● Exercise aim
Copy exactly, from the beginning of the material below, every line up to and including the one holding "Garden Flowers in a vintage gold tea pot", with the pictures left out.

╔══

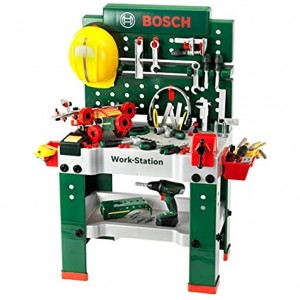 Theo Klein 8485 etabli Bosch N° 1 | 150 Pièces | outils et Accessoires Inclus | Visseuse à Piles avec Fonction Sonore et Lumineuse | pour Enfants à partir de 3 ans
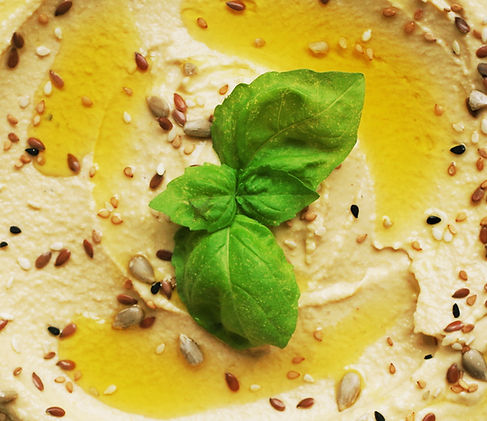 Hummus with Basil Leaves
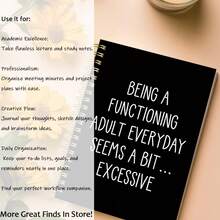 1PC A5 Back To School 1 Funny Satirical Notebook With Adult Feature Tabs - Narrow-Ruled Lined Pages, Suitable For Office Pranks, Colleague Gifts, Boss Humor, School Supplies, And Personal Journaling - A Journal For Adults, Teachers, And Managers - Black - View 6
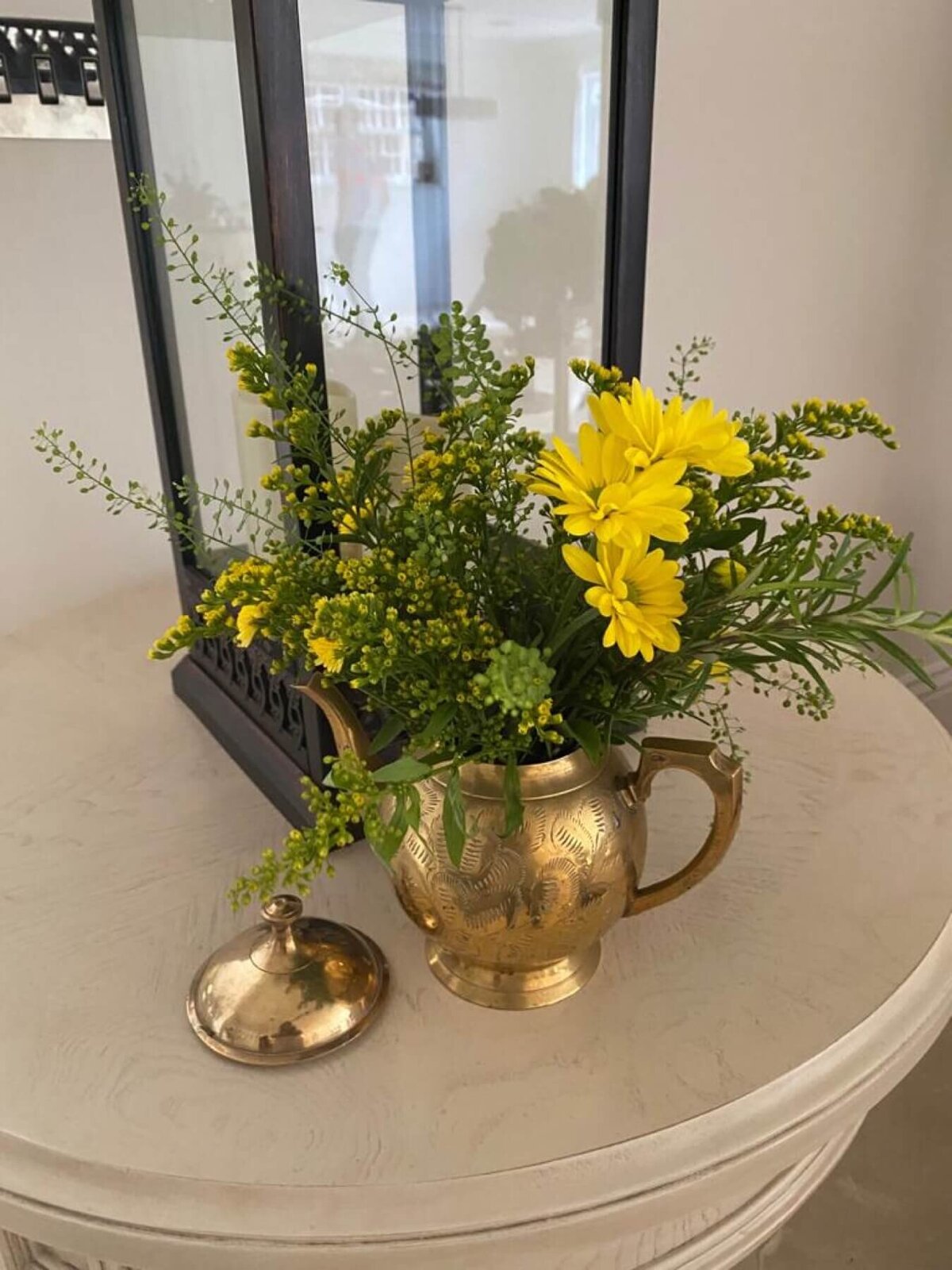 Garden Flowers in a vintage gold tea pot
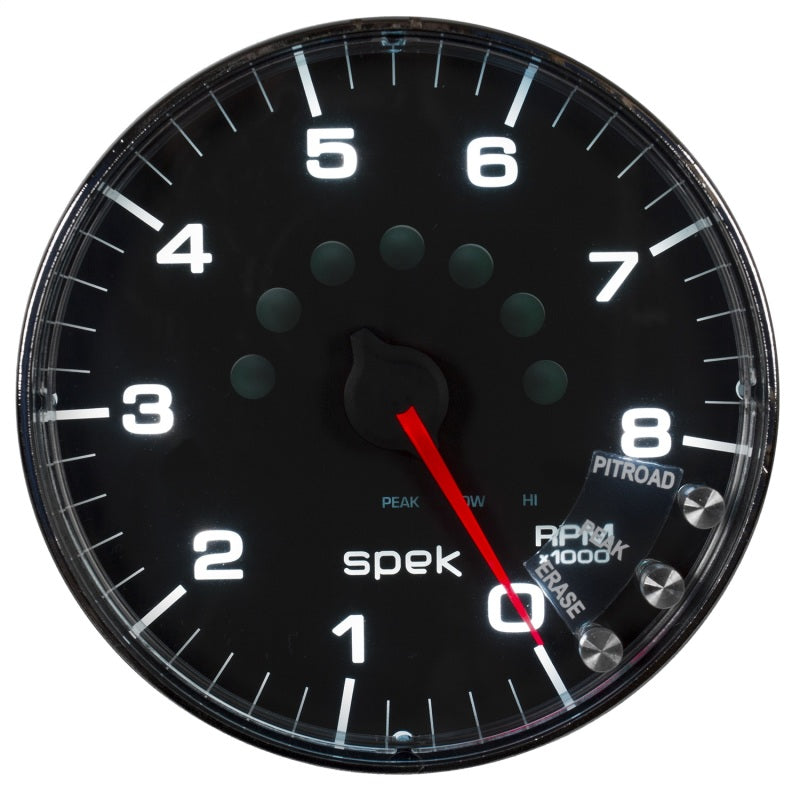 مقياس سرعة الدوران Autometer Spek-Pro مقاس 5 بوصات و8 آلاف دورة في الدقيقة مع ضوء ناقل الحركة وذاكرة الذروة باللون الأسود/الكروم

╚══

● Reply to the task
 Theo Klein 8485 etabli Bosch N° 1 | 150 Pièces | outils et Accessoires Inclus | Visseuse à Piles avec Fonction Sonore et Lumineuse | pour Enfants à partir de 3 ans
 Hummus with Basil Leaves
 1PC A5 Back To School 1 Funny Satirical Notebook With Adult Feature Tabs - Narrow-Ruled Lined Pages, Suitable For Office Pranks, Colleague Gifts, Boss Humor, School Supplies, And Personal Journaling - A Journal For Adults, Teachers, And Managers - Black - View 6
 Garden Flowers in a vintage gold tea pot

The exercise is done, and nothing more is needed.